The History of the DMZ

I forget where I picked this up, it was at a presentation with SANS, but I am unable to remember which one.

The issue was the definition of a DMZ. It was stated that the term should refer to a demarcation zone (such as is used in the sth/nth Korean border).

It was also stated that a DMZ is not truly de-militarised.

I just wanted to note that this is mixing terminology. Although DMZ can refer to both a demarcation zone or a demilitarised zone, they are both valid and separate, the first example being the already supplied Korean boarder that has little demilitarisation but extensive demarcation.

The second is the older definition that is incorrectly used in network circles.

De-militarised zones are exactly that. They do actually have a historic place outdating the historically recent demarcation zone. In recent history, the Vienna convention conditions enforced following WW1 against Germany included a DMZ in the demilitarised format.

The demilitarized Rhineland zone that was created following Germany’s defeat in WW1 was a German district that the German military was forbidden to enter (thus creating a buffer for France). The prelude of WW2 (on 3/9/36) was the German army’s occupation of the Rhineland in defiance of the edict creating the demilitarised status of the area. This was a true de-militarised zone and this details what one is.

For network systems, a demarcation zone is a more accurate reflection of what a DMZ truly is. This is also reflected in other historical sources (such as WW1). The interstitial zone between the trenches on the French and Belgium front with Germany in WW1 was a DMZ. It was a demarcation region or zone known as no-man’s land.

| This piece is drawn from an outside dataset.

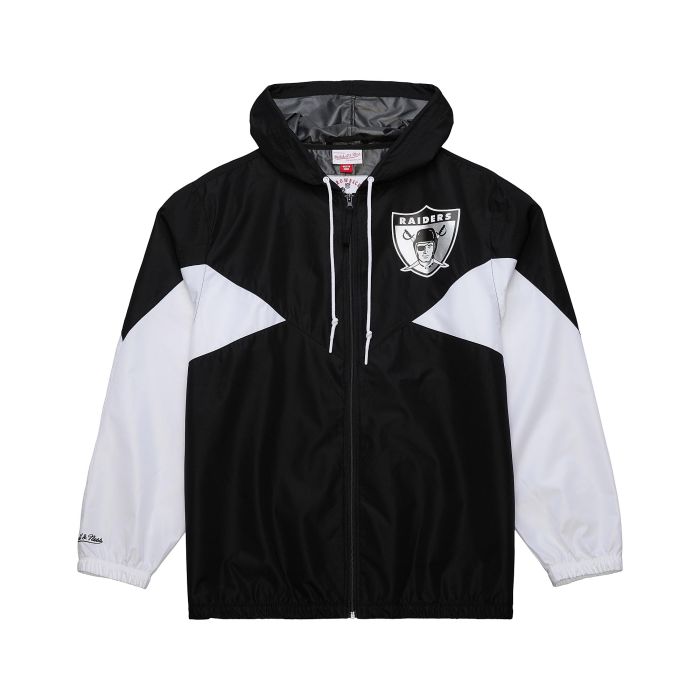 NFL Ultimate Lightweight Windbreaker Jacket Vintage Logo Oakland Raiders Shop Mitchell Ness Outerwear and Jackets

I guess a little of the trouble we have with the term DMZ is that in networking and security, we take a combination of demarcation and demilitarisation and interchange these as needed. The real truth is that neither term is correct in network use. Early DMZ’s would have fulfilled this definition. They (say go from 1984 – 1992) defined a network segment that was sacrificial. It would host a Proxy device (pre-NAT) or other connection systems and act as a buffer.

How language changes...

1 comment:

Dai said...

Hi Craig,

I think the slide you have in mind about is part of 503 Intrusion Detection In-depth at the start of Day 5.